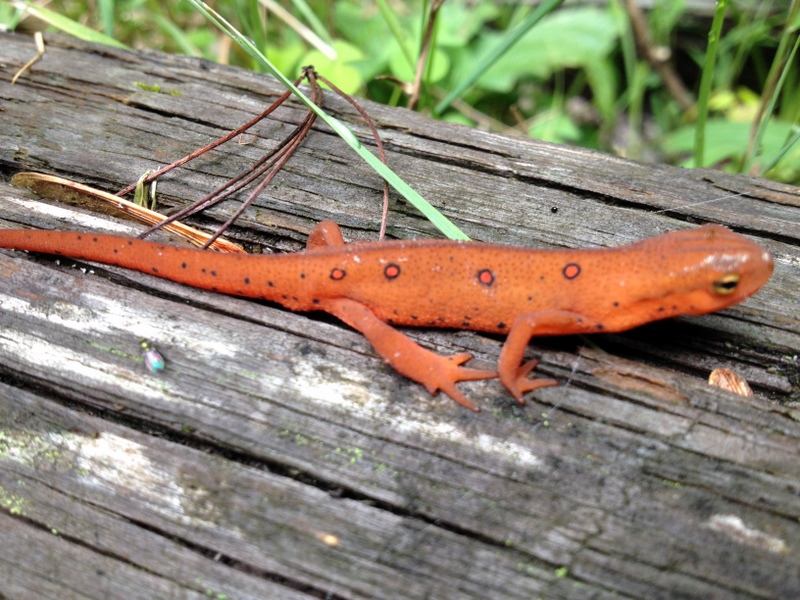 Central New York Nature Study: A Red Eft - A Development Stage of the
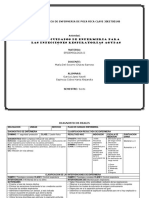 Plan de Cuidados de Enfermería en IRAS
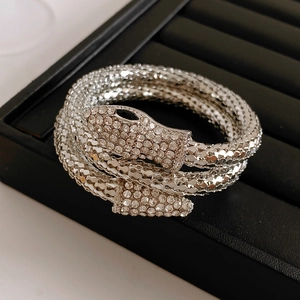 Detail of silver snake bracelet with sparkling white rhinestones and black gem eyes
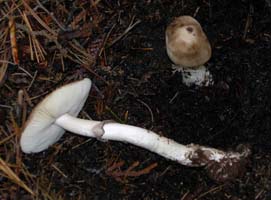 White gills in expanded cap and a gray fragile ring on the stalk. 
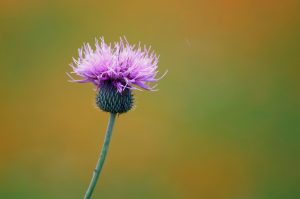 Texas Thistle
------------------------------------------------
Write out exactly the lines running from the one with "Plan de Cuidados de Enfermería en IRAS" through the end of the material, both ends included, while leaving the pictures out.

● **RESULT FOR THIS EXERCISE**
 Plan de Cuidados de Enfermería en IRAS
 Detail of silver snake bracelet with sparkling white rhinestones and black gem eyes
 White gills in expanded cap and a gray fragile ring on the stalk. 
 Texas Thistle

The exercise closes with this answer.